# [Problem details]
Copy the lines word for word. Begin at the line that contains "ZARAR GÖREN ÜRÜNLERİN" and end with the final line of the data.

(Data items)
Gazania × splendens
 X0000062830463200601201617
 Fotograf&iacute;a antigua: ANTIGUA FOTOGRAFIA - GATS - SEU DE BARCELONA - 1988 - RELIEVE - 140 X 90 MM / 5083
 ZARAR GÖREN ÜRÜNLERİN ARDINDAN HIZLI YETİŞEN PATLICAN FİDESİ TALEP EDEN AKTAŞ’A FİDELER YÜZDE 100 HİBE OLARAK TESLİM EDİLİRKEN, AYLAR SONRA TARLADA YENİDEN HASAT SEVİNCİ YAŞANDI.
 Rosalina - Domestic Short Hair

# [Solution to this problem]
 ZARAR GÖREN ÜRÜNLERİN ARDINDAN HIZLI YETİŞEN PATLICAN FİDESİ TALEP EDEN AKTAŞ’A FİDELER YÜZDE 100 HİBE OLARAK TESLİM EDİLİRKEN, AYLAR SONRA TARLADA YENİDEN HASAT SEVİNCİ YAŞANDI.
 Rosalina - Domestic Short Hair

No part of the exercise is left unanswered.